▶ [Task item] Copy each line below in which the string "Stainless" appears.
*** Available records Section Begins ***
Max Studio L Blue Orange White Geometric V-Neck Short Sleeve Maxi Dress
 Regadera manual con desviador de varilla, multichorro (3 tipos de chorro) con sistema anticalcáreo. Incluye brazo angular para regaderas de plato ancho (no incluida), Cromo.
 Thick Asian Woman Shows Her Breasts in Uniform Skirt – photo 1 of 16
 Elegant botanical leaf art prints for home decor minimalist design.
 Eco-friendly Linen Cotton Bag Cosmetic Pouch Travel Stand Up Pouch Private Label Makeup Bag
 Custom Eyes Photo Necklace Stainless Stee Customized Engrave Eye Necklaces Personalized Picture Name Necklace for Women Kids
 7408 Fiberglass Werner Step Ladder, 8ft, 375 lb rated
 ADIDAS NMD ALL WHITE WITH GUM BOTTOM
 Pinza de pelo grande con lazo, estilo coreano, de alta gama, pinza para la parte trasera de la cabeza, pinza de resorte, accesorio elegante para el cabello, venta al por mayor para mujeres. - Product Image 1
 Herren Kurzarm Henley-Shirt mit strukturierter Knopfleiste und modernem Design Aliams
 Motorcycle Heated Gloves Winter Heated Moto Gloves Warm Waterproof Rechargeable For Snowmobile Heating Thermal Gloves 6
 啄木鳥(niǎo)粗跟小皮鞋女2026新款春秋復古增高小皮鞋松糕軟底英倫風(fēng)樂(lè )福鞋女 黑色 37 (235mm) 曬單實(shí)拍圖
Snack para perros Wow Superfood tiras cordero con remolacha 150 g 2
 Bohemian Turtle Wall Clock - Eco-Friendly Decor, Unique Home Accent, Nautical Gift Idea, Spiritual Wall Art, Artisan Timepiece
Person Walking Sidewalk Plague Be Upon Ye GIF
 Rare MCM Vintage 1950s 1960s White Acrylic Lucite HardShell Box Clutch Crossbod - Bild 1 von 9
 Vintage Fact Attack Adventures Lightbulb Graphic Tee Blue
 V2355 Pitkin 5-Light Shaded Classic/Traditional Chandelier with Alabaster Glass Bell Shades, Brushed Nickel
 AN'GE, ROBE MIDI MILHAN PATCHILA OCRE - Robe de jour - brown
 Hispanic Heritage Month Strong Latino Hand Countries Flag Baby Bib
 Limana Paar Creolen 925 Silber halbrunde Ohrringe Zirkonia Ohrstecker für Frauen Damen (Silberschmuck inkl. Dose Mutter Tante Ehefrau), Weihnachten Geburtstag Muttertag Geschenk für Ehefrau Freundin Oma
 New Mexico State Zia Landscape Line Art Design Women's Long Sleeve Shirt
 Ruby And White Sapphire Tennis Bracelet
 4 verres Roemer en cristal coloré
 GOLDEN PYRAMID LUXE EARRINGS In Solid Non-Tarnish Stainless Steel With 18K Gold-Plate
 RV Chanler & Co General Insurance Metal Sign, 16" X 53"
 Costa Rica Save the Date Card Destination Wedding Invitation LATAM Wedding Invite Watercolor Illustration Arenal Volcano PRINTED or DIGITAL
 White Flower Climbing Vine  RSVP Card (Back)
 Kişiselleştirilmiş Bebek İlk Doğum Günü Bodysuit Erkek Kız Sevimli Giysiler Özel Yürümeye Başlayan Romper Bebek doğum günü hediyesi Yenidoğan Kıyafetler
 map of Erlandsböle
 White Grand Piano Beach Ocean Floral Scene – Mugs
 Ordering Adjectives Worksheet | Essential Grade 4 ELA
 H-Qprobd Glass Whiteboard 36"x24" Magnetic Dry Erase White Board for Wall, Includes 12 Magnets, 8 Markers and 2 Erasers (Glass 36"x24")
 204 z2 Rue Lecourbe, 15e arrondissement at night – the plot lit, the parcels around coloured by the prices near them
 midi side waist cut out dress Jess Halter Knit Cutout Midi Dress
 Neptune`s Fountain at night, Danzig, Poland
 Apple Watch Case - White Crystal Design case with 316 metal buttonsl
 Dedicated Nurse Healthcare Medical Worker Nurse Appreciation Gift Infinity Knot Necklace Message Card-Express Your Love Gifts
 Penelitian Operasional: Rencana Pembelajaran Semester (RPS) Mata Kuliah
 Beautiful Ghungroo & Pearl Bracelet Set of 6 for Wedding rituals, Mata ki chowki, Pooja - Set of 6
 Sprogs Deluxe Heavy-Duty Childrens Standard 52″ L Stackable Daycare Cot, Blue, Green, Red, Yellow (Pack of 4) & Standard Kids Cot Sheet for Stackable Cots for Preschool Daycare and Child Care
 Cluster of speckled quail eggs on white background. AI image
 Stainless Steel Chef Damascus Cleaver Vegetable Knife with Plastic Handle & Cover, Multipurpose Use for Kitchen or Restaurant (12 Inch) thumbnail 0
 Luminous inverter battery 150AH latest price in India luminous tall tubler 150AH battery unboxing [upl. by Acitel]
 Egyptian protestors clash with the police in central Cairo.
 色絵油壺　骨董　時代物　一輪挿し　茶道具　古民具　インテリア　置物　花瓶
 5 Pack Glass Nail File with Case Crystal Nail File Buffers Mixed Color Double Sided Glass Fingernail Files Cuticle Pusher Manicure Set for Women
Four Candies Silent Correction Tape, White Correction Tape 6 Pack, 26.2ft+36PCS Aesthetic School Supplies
*** Available records Section Ends ***
▶ [Your solution]
 Custom Eyes Photo Necklace Stainless Stee Customized Engrave Eye Necklaces Personalized Picture Name Necklace for Women Kids
 GOLDEN PYRAMID LUXE EARRINGS In Solid Non-Tarnish Stainless Steel With 18K Gold-Plate
 Stainless Steel Chef Damascus Cleaver Vegetable Knife with Plastic Handle & Cover, Multipurpose Use for Kitchen or Restaurant (12 Inch) thumbnail 0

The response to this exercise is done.